◆ WHAT IS EXPECTED ◆
Which lines run from the one with "A mechanical potted" through the end of the data? Retype them exactly, without pictures.

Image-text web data

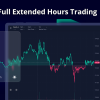 Webull’s $7bn Spac Listing Deal: Madness Persists in Market Trends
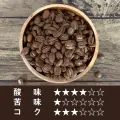 【送料無料】ブルーマウンテン  ＮＯ．１　800ｇ｜003200X8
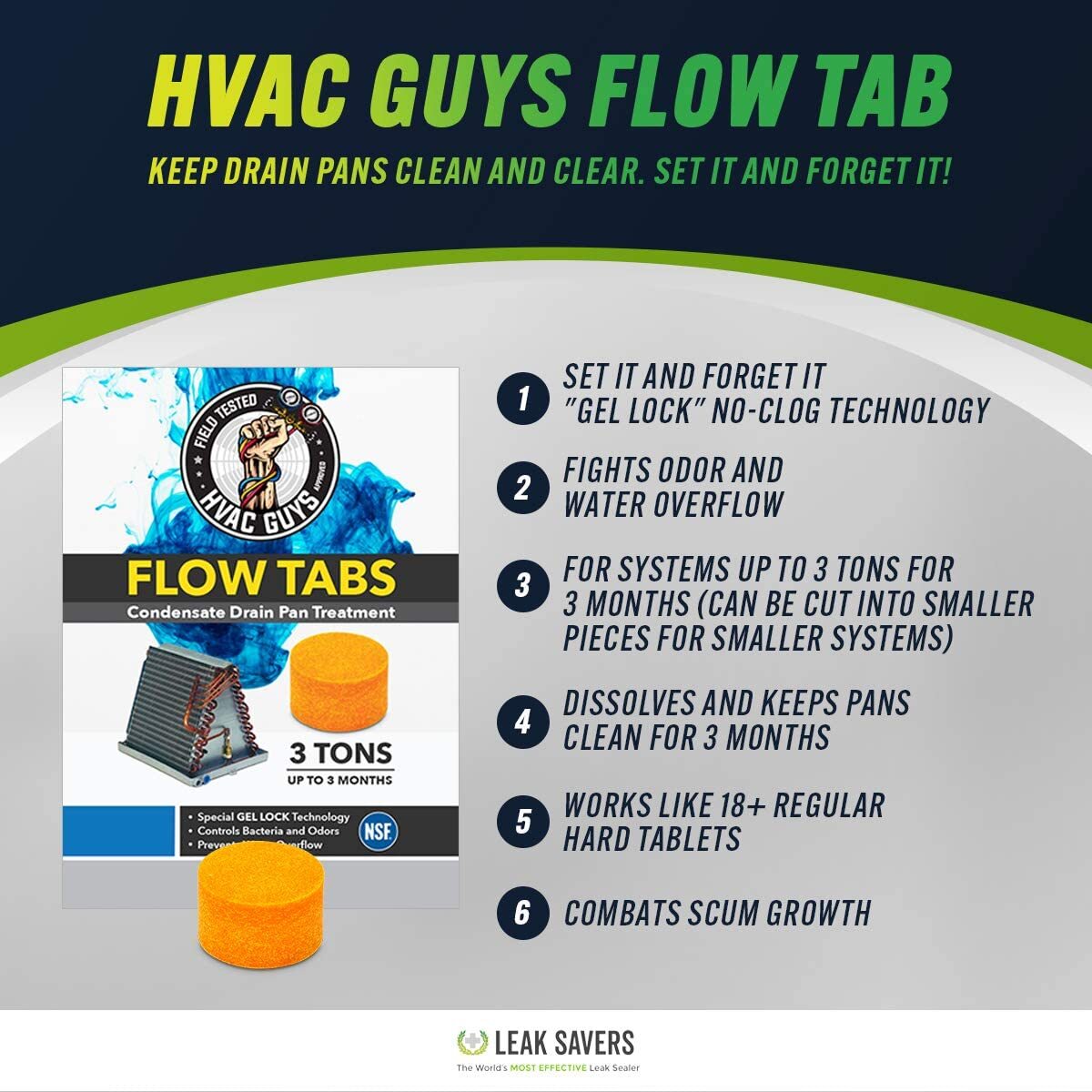 HVAC Guys Foam Blaster – Coil Cleaner & Deodorizer for HVAC & Automotive Filters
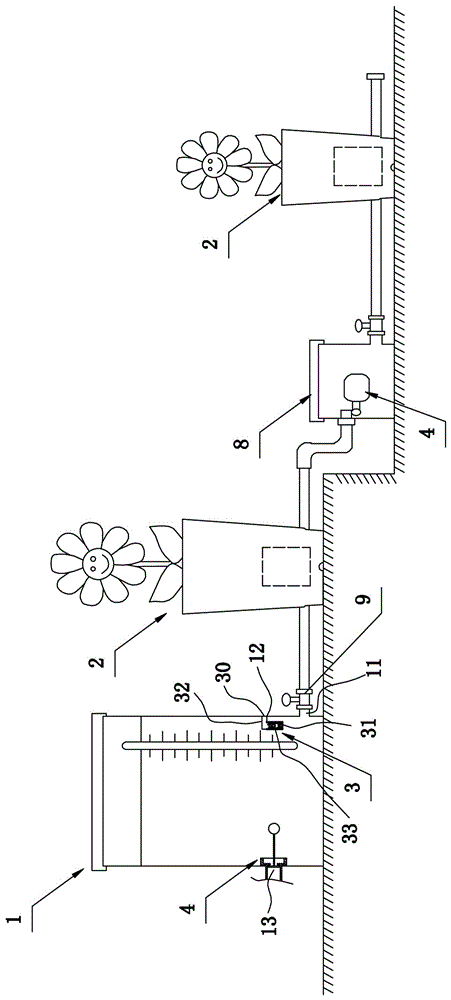 A mechanical potted plant automatic water supply system
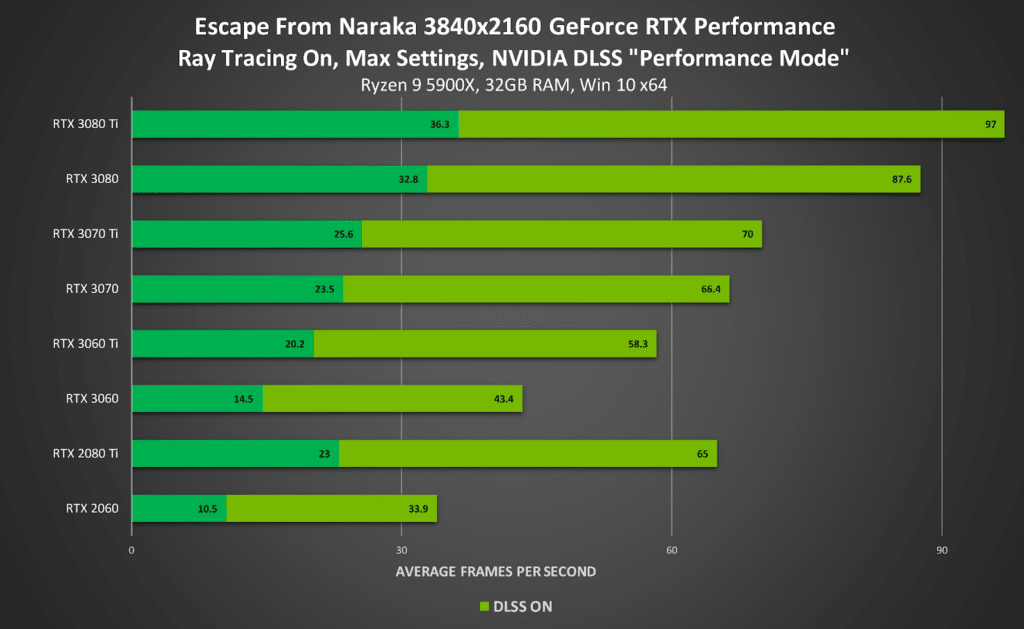 Image 1 : Les bénéfices du DLSS en 4K, 1440p et 1080p dans le jeu Escape from Naraka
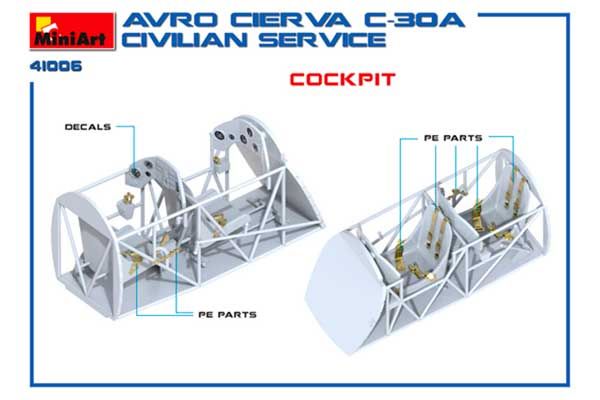 AVRO CIERVA  C.30A Цивільного Призначення (MiniArt 41006) 1/35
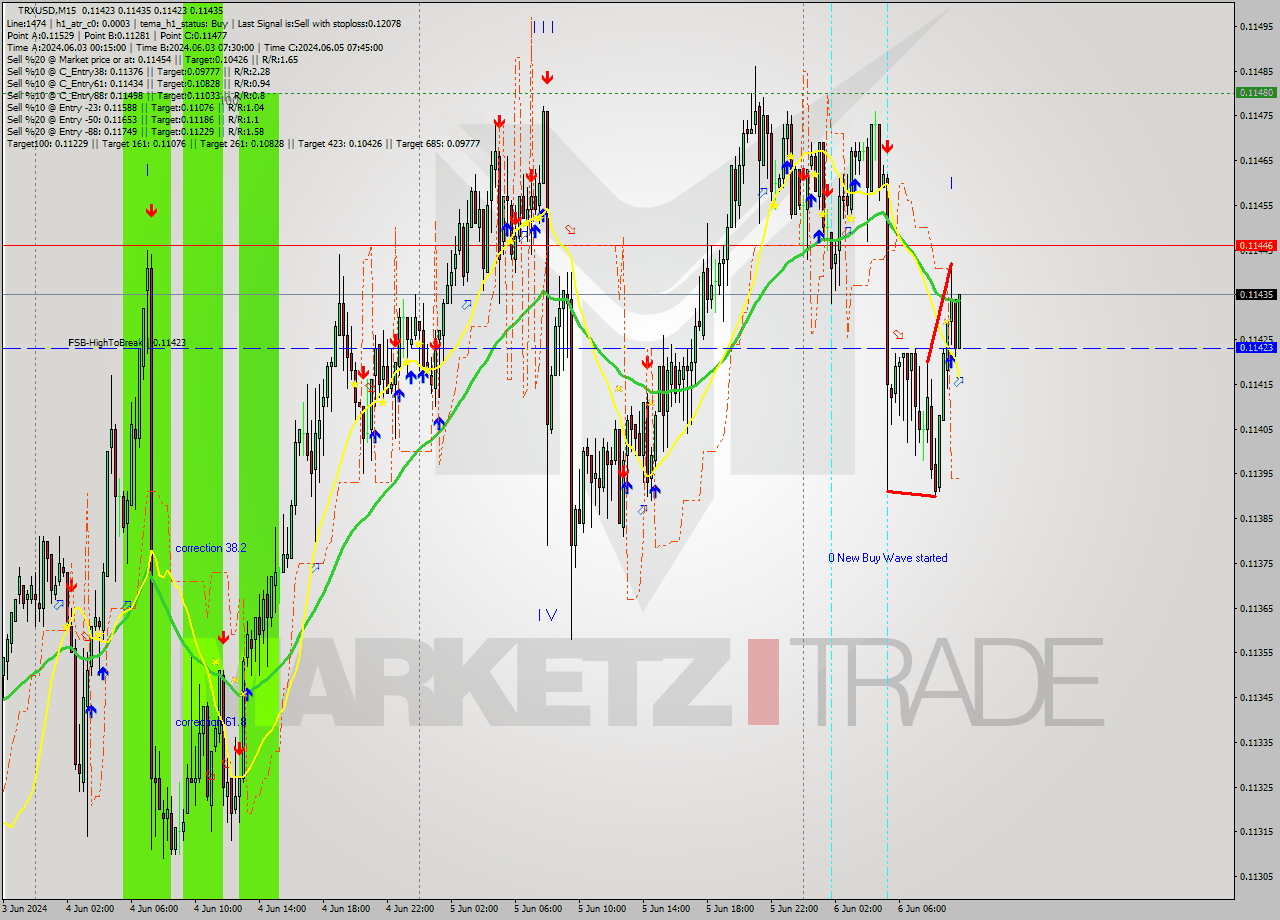 TRXUSD M15 Signal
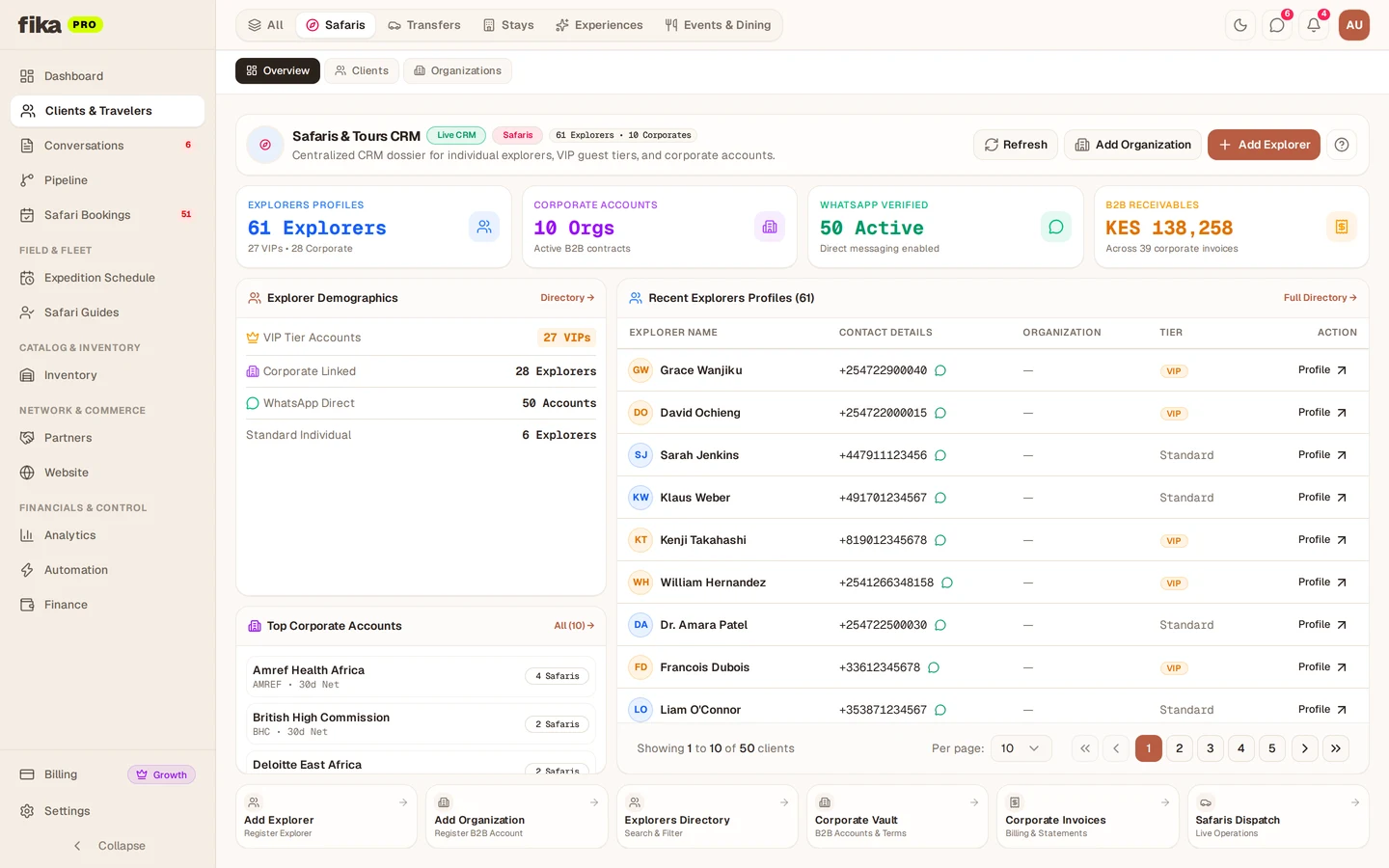 Fika corporate contracts and consolidated invoicing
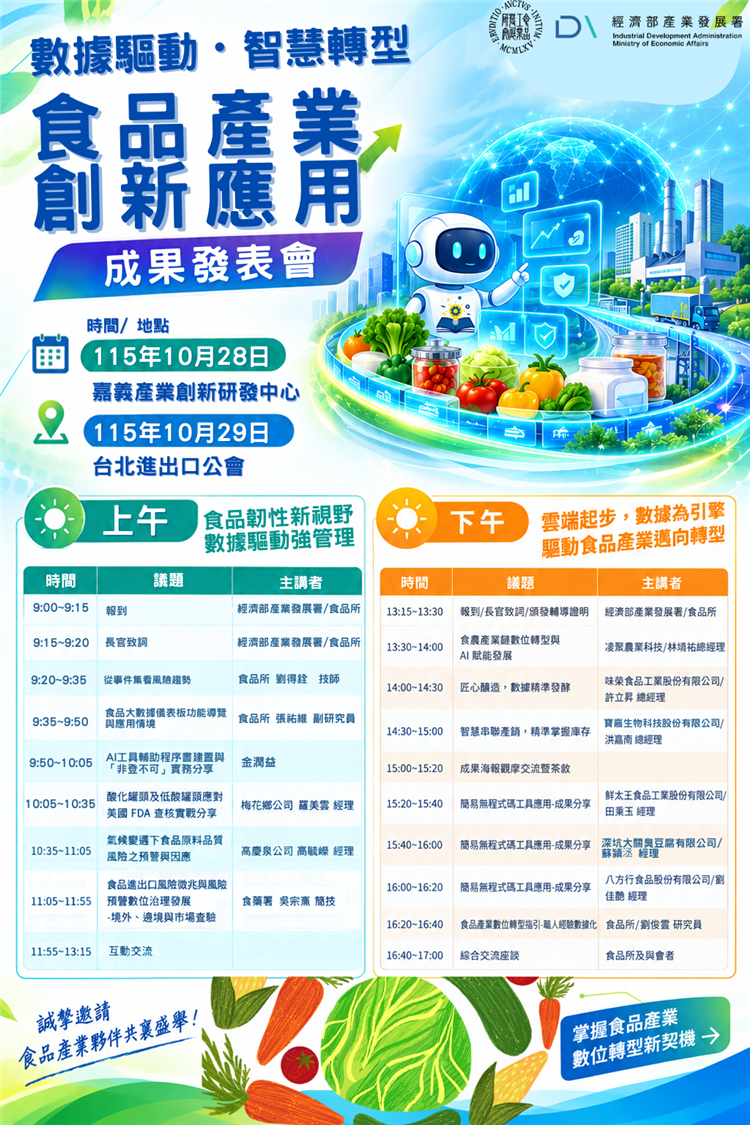 應用數據驅動食品產業智慧化管理計畫-成果發表會(嘉義產業創新研發中心)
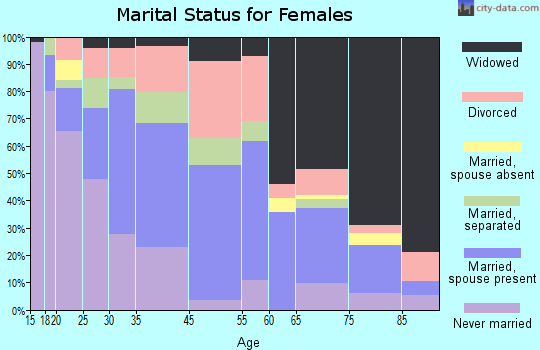 Waldo marital status for females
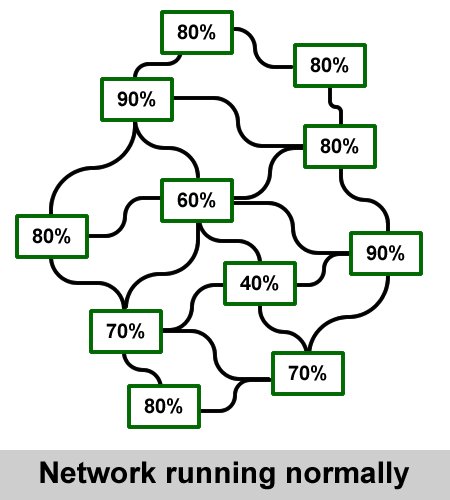 Networkfailure (2)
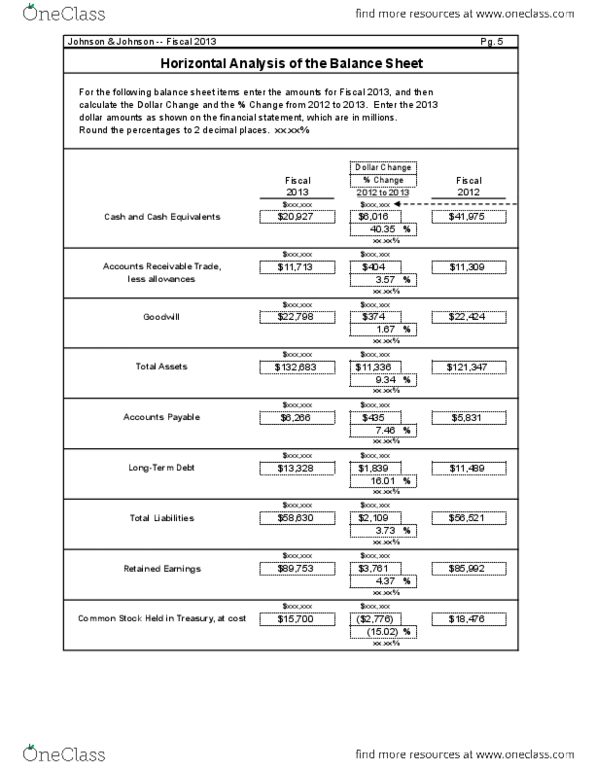 ACC 221 Chapter Notes -Financial Statement, Retained Earnings thumbnail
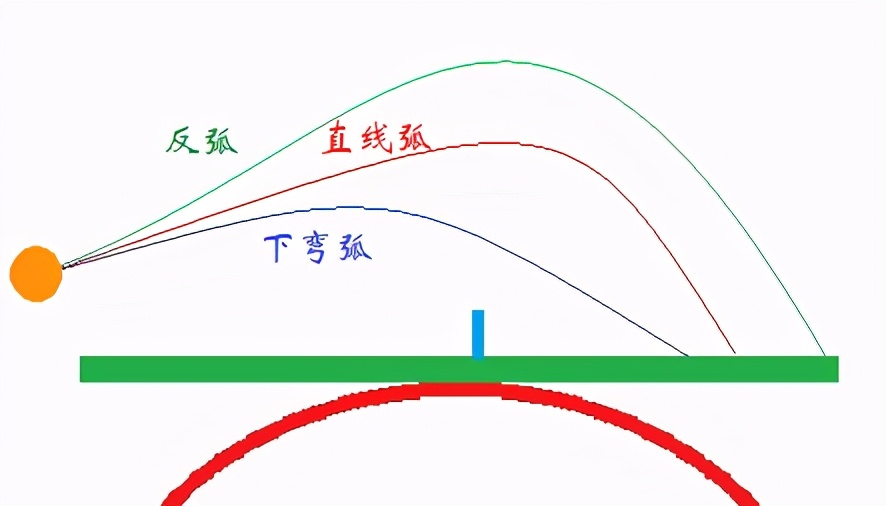 下旋球发球讲解,下旋球讲解视频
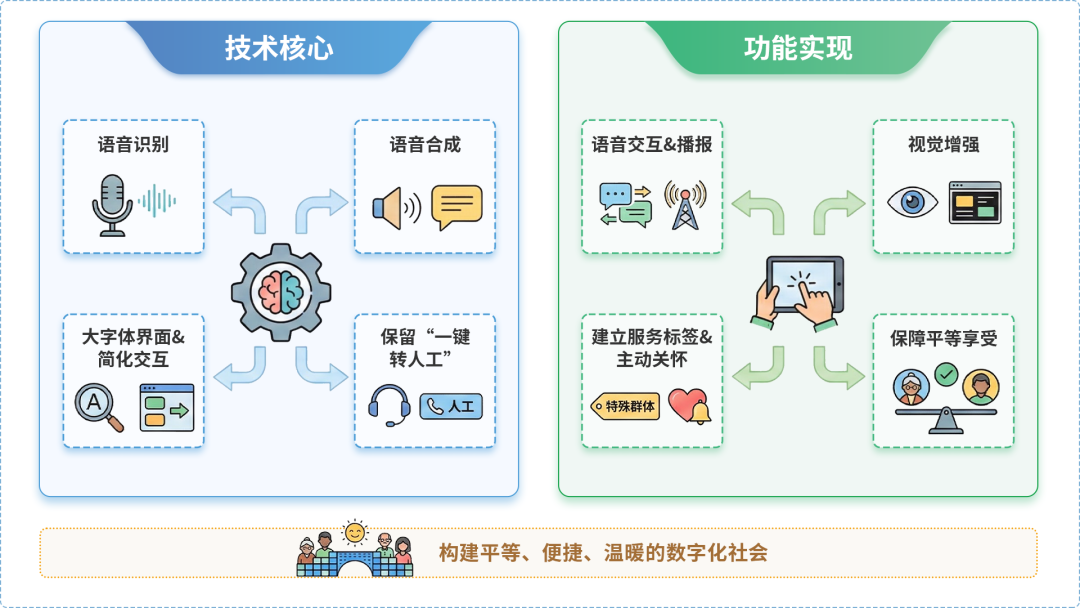 大理白族自治州AI生态｜多AI智能体GEO优化全流程：从内容创作到发布实操指南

◆ OUTPUT BELOW ◆
 A mechanical potted plant automatic water supply system
 Image 1 : Les bénéfices du DLSS en 4K, 1440p et 1080p dans le jeu Escape from Naraka
 AVRO CIERVA  C.30A Цивільного Призначення (MiniArt 41006) 1/35
 TRXUSD M15 Signal
 Fika corporate contracts and consolidated invoicing
 應用數據驅動食品產業智慧化管理計畫-成果發表會(嘉義產業創新研發中心)
 Waldo marital status for females
 Networkfailure (2)
 ACC 221 Chapter Notes -Financial Statement, Retained Earnings thumbnail
 下旋球发球讲解,下旋球讲解视频
 大理白族自治州AI生态｜多AI智能体GEO优化全流程：从内容创作到发布实操指南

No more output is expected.